When the positioning sphere 50 is disposed in the hemispherical socket 24, and the compression collar 80 is maximally threadably engaged with the supporting base 20, the flange 84 of the compression collar 80 is contacted with the outer spherical surface 52 of the positioning sphere 50 and immobilizes the sphere 50 in the socket.

Referring in particular to FIG. 6, in fitting the Christmas tree stand 10 to the tree 2, the collar 80 is slid over the trunk 4 of the tree 2, preferably while the tree 2 is lying down horizontally. The positioning sphere 50 is attached to the trunk 4 of the tree 2, with the trunk 4 disposed in the positioning sphere cavity 54. The attachment of the sphere 50 to the tree trunk 4 may be accomplished by suitable fastening means. In the embodiment depicted in FIGS. 1-7B (and particularly with reference to FIGS. 2, 6, and 7A), the tree stand 10 is provided with a base screw 58 and radial screws 59 for such fastening.

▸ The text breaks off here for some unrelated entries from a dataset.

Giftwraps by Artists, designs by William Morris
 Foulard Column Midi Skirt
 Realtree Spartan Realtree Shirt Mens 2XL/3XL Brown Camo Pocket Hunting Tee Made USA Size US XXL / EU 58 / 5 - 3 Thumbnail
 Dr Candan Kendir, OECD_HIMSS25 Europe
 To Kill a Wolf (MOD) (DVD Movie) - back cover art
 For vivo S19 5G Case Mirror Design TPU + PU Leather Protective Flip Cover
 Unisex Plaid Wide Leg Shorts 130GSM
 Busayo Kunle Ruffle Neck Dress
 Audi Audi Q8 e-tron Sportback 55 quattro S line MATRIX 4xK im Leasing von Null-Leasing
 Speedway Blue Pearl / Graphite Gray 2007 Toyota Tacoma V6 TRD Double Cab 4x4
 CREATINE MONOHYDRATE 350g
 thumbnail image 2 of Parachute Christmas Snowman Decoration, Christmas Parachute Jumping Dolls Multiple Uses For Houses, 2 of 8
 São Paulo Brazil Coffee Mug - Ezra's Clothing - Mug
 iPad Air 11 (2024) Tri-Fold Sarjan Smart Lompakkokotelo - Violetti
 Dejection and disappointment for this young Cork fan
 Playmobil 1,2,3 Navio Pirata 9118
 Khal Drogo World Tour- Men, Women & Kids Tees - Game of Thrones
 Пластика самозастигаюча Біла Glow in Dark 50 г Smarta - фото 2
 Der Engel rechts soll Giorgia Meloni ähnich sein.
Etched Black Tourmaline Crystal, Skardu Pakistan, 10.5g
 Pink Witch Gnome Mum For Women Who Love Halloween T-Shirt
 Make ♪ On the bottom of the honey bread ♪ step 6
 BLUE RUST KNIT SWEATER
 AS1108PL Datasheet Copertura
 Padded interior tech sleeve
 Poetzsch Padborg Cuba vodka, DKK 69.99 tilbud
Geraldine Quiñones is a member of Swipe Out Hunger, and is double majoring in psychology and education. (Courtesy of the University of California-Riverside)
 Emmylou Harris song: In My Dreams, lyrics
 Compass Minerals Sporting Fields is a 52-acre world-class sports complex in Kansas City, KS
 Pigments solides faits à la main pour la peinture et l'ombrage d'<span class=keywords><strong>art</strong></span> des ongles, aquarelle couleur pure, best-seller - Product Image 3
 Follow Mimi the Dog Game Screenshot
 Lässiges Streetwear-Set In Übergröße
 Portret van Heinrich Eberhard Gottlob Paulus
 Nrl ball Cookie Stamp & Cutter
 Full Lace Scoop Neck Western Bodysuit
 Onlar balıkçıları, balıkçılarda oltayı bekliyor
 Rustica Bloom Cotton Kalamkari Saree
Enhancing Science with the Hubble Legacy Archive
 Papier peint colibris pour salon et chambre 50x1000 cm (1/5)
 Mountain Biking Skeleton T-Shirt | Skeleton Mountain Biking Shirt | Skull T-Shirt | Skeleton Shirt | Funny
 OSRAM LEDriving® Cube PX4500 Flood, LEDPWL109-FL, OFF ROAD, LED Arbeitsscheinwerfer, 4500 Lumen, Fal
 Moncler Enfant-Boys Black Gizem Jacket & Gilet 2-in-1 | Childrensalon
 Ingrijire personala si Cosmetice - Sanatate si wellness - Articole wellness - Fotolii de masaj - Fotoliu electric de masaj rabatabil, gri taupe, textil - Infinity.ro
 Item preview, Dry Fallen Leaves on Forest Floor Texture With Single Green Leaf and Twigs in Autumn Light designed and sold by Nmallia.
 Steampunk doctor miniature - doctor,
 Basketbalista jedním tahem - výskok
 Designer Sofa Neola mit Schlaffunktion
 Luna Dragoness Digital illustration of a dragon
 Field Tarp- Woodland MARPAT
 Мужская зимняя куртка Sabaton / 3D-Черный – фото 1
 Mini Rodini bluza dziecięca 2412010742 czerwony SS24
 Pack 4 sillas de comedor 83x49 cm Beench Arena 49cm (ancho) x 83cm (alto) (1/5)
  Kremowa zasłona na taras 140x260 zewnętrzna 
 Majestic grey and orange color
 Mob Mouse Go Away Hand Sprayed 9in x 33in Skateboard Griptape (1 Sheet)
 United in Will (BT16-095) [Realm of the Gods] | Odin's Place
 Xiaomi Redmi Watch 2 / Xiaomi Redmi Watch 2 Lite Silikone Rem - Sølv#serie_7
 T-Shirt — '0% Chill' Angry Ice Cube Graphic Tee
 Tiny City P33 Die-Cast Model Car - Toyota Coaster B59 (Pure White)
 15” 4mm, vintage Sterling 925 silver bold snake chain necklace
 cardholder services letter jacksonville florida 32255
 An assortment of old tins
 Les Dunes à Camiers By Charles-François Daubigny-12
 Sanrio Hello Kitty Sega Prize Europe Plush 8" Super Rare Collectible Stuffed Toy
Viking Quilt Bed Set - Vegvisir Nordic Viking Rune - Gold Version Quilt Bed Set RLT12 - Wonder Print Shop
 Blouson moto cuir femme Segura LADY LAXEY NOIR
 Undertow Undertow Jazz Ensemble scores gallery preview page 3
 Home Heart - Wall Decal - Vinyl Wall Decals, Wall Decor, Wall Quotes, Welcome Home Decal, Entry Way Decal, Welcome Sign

Referring again to FIG. 6, the supporting base 20 is then secured to the positioning sphere 50, such that the sphere 50 is seated in the hemispherical socket 24 of the base 20. To accomplish this, the threads 82 of the compression collar are engaged with the threads 28 of the supporting base, thereby contacting the flange 84 with the upper portion 56 of the outer spherical surface 52 of the positioning sphere 50, and immobilizing the sphere 50 in the socket 24. With such threads 82/28 tightened to each other to immobilize the sphere 50, the assembled tree 2 and stand 10 may then be stood up, such that the tree 2 is supported by the stand 10 in an upright position.

The compression collar 80 may then be unscrewed slightly from the base 20 to allow further adjustment of the position of the sphere 50 within the socket 24 as indicated by bidirectional arrows 99, and therefore, adjustment of the vertical position of the trunk 4 of the tree 2. The position of the tree 2 is adjusted as indicated by arrows 98 (which may be as needed in any horizontal direction other than the drawing plane of FIG. 6) so that the trunk 4 of the tree 2 is vertical (straight up) and thus aesthetically appealing. The collar 80 may then be retightened to the base 20 so that the tree 2 is secured in a desired straight upright position.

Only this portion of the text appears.